I’m so enthusiastic about what I do. In sleep medicine we can treat a wide range of problems. However, I also combine it with my hobbies. I really like sport and every day I try to go to my sport’s club: Barcino. I either play tennis or go to the gym. I also play golf from time to time, take part in a class the odd day of the week, and I balance it with guitar, music and songs. Which means I do plenty! Right now —now that I’m 70—I spread my activities out a little. On Monday and Tuesday, I do doctor's visits and on the rest of the days I combine all my activities with other professional work including writing articles, doing interviews, conducting scientific studies etc. We also have a foundation—the Estivill Sleep Foundation—, and we are doing really interesting things with regard to sleep and athletes. All these activities fill up my time and make me really happy too.

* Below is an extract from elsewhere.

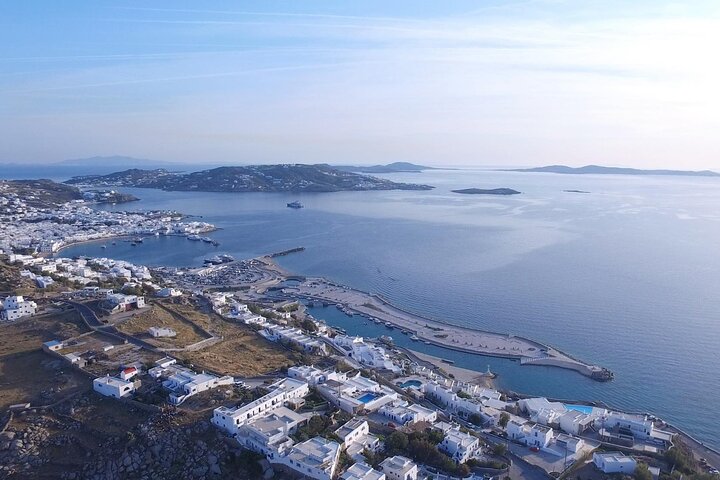 Private 4-hour Mykonos island tour by car, visiting beaches, lighthouse, and traditional villages, photo 33 | wizardtrip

Is there any relation between sleep disorders and eye conditions?
Nowadays we know that there are many disorders related to sleep. And a long time ago we learnt that, for example, cardiac problems have to do with poor breathing at night (apnoea). However, we recently undertook a very interesting piece of work with Dr. Javier Elizalde. Some years ago, we were indeed given a prize for what is called floppy eyelid syndrome, a condition we see in the eyelids of individuals who, when they snore, suffer apnoea. This means there is friction between this eyelid and the snoring movement, leading to this condition. Along with Dr. Canut, we have made contributions related to glaucoma and sleep conditions. It has been proven that in people with apnoea, as they lack oxygen—because one of the consequences of apnoea is not enough oxygen enters our brain—, some of the brain's structures, like the eye, may suffer hypoxia, a lack of oxygen to the eye, which may cause, or have to do with glaucoma. And this is a topic that still needs to be studied. We have some research pending which may be of interest in the near future.

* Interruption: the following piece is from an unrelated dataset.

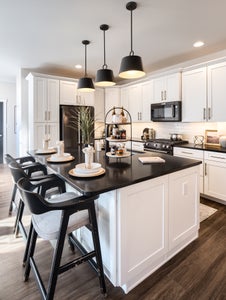 Classic Kitchen. 2,062sf New Home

You worked with the Barraquer Foundation on an expedition to Africa. What was the highlight of your experience?
It was truly rewarding. One of the doctors, Gorka Martínez Grau, invited me to take part in the expedition as a paediatrician. We went to Malawi to work. They had already got into the routine of carrying out check-ups on people, and above all, visiting children with eye problems in order to diagnose them, then doing checks to determine if they had any retina conditions, myopia, astigmatisms or long-sightedness. These situations make you very grounded. You begin to think that you are in a world where everything is very simple: people eat, move around and love each other. Over there, sure, they love each other, but they eat little and move poorly. Fifty per cent of children die before the age of 5. It's dreadful. Plus, many contract malaria or AIDS, which means the impact is greater. When you go home you value what you have a lot more; but it creates a trauma in your mind. I had a really tough time when I got back, because I thought: what in the world are you doing visiting people who want for nothing while there are children dying of hunger in those countries? Coming back is hard, because you get so involved when you are there—at least I did—that this feeling of knowing you are so privileged and you don't appreciate it, makes you reflect on life a lot more.